Given that the Director of Public Prosecutions (DPP) is in charge of all criminal prosecutions in the island, Mr. Brown indicates that he has always had the power in certain cases to determine whether or not he proceeds against a defendant for a particular charge, proceeds with a lesser charge, or reduces the number of charges.
He explains that while there is no formalised stipulation in the Jamaican law books that speak pointedly to plea negotiations, it is not an entirely foreign concept and in fact, there are situations where the police can indicate to a prosecutor that a defendant has been co-operative and supplied useful information that assisted in detecting other crimes or leading to the arrest of other persons.
“In this new dispensation in organised crime, we have had to respond to this challenge and to introduce what we consider to be an appropriate tool. so the law authorises the DPP to enter into discussions and negotiations with persons who are charged, represented of course by his attorney-at-law, so there is no direct negotiation between the DPP and the person charged,” he informs JIS News.
This is very important. It also means that a person who is unrepresented, cannot enter into a plea negotiation with the DPP and they have amended the Legal Aid Act, so as to make specific provisions for a lawyer to be assigned to a person who is desirous of entering into negotiations for plea bargaining,”Mr. Brown adds.
He says the government holds the view that, “in order to get to the big players in organised crime, when you arrest an offender who may have participated in the crime with a bigger player or you need information from that person, that can lead to the arrest of others, then you should be able to arrive at an agreement with that person, where he will plead guilty to a lesser charge perhaps, in exchange for a promise from him to give information or assist the prosecution in securing the arrest and conviction of other persons”.

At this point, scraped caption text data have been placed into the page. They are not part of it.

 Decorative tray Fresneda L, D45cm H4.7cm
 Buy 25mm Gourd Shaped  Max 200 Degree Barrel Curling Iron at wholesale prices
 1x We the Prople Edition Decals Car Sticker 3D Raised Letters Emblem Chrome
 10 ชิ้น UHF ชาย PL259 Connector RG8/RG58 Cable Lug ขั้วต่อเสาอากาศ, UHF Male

Asked what were the safeguards within the legislation against a defendant wrongfully implicating someone else, Mr. Brown tells JIS News that while anyone could accuse another of committing all manner of crimes, the question of proof was critical.
“If he [the defendant] lies to the court or the prosecution and implicates someone who is innocent, that person is going to be put on trial.” he notes.

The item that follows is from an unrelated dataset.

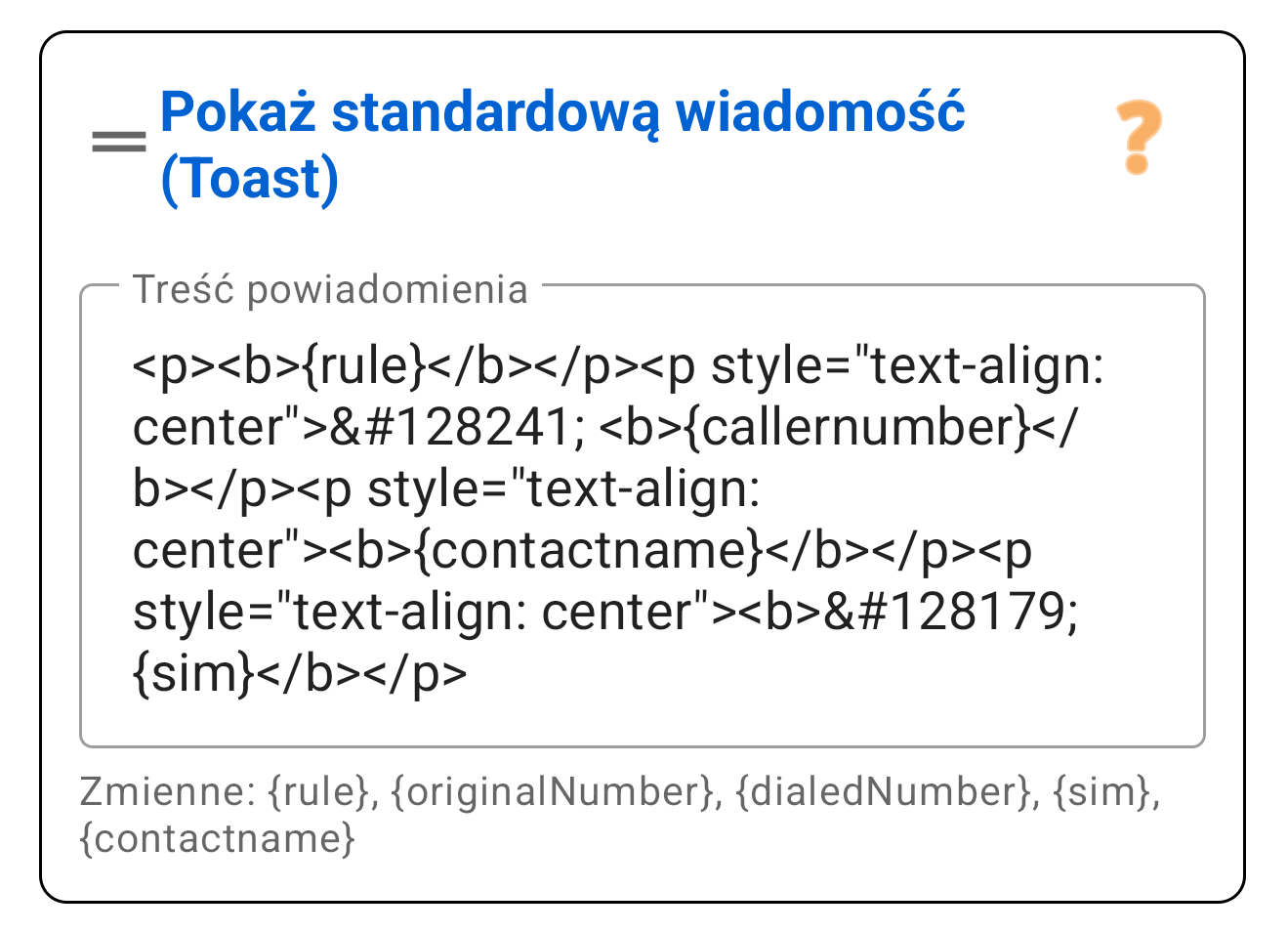 Pokaż wiadomość 'Toast'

The plea bargaining legislation is also significant for other reasons, as it marks the first time the victim of a crime is mentioned in any legislation.
“The victim has a right, or is entitled to be heard when a plea negotiation is agreed to between the DPP and the Defence. The DPP is required to inform the victim that a plea agreement has been arrived at,” Mr. Brown explains.
He says the rationale for getting the victim involved in the process of legislative justice came about as, “for too long, the focus has always been on the person charged”.
“That is why you are going to be hearing about the Victims Charter developed in the Ministry of Justice, dealing with victims, the rights of victims, so this is a first step,” Mr. Brown explains.